@arivie/embeddings
v0.1.0
Published
Arivie embedding providers — OpenAI, Cohere, and Voyage adapters over AI SDK v6.
Readme
@arivie/embeddings
Provider adapters for RAG embedding: thin factories over AI SDK v6 (@ai-sdk/openai, @ai-sdk/cohere, @ai-sdk/voyage) that return an EmbeddingProvider record (model, modelName, dimensions, costPerMillionTokens). Downstream code calls embedMany({ model: provider.model, values }) using the re-exported embed / embedMany from this package — no Arivie-owned embed wrapper.

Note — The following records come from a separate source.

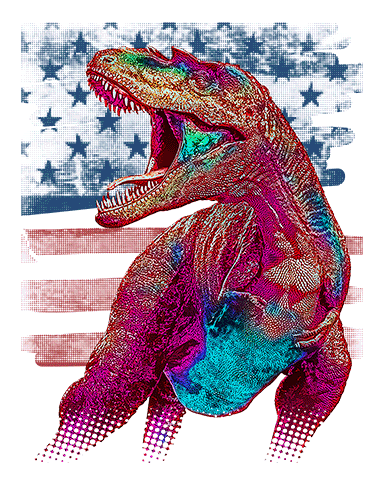 T-Rex T Shirt American Flag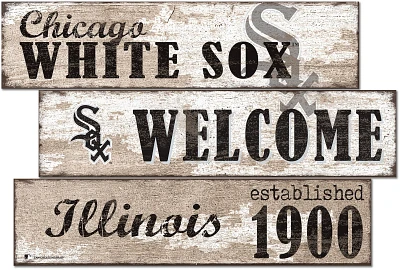 Fan Creations Chicago White Sox Welcome 3 Plank Decor                                                                           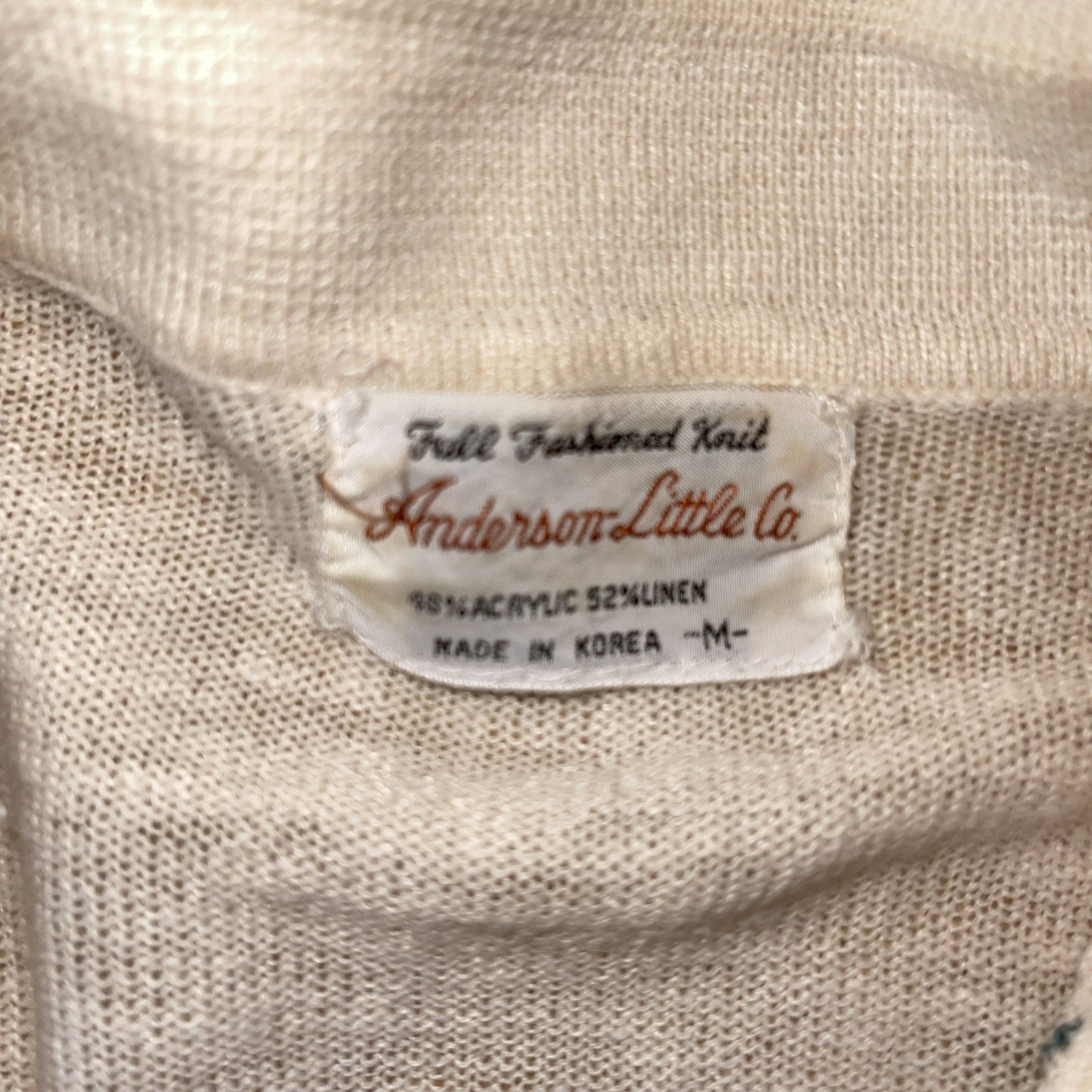 Vintage Anderson Little Co Linen Blend Sweater Medium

import { embedMany, openAIEmbeddings } from "@arivie/embeddings";
const provider = openAIEmbeddings({ apiKey: process.env.OPENAI_API_KEY! });
const { embeddings, usage } = await embedMany({
model: provider.model,
values: ["chunk one", "chunk two"],
});
// cost rollup (e.g. buildIndex): usage.tokens * provider.costPerMillionTokens / 1_000_000All three providers use createProvider({ apiKey }).embedding(modelId) (AI SDK v6 idiom). Cohere and Voyage accept arbitrary model strings at runtime; metadata dimensions defaults are caller overrides when the model variant differs from the package default.
buildIndex
Chunk a semantic layer with ParagraphChunker, embed via embedMany, and upsert into a Mastra vector store (typically PgVector):
import { PgVector } from "@mastra/pg";
import { buildIndex, openAIEmbeddings } from "@arivie/embeddings";
const provider = openAIEmbeddings({ apiKey: process.env.OPENAI_API_KEY! });
const vector = new PgVector({
id: "arivie-rag",
connectionString: process.env.DATABASE_URL!,
});
const { chunkCount, totalEmbeddingCost } = await buildIndex({
layer,
provider,
vector,
indexName: "sem",
});Returns { chunkCount, totalEmbeddingCost } where cost is usage.tokens × provider.costPerMillionTokens / 1_000_000 summed across embedding batches.
retrieve
Embed a single query string, run similarity search against a populated index, and return ranked Chunk[] (same shape as ParagraphChunker):
import { PgVector } from "@mastra/pg";
import { buildIndex, openAIEmbeddings, retrieve } from "@arivie/embeddings";
const provider = openAIEmbeddings({ apiKey: process.env.OPENAI_API_KEY! });
const vector = new PgVector({
id: "arivie-rag",
connectionString: process.env.DATABASE_URL!,
});
await buildIndex({ layer, provider, vector, indexName: "sem" });
const chunks = await retrieve({
query: "monthly revenue by region",
vector,
indexName: "sem",
provider,
topK: 5,
entityHint: "orders", // optional metadata filter: { entity: "orders" }
});Uses AI SDK embed (single value) for the query vector, then vector.query with optional entityHint filter. Results are sorted by descending similarity score.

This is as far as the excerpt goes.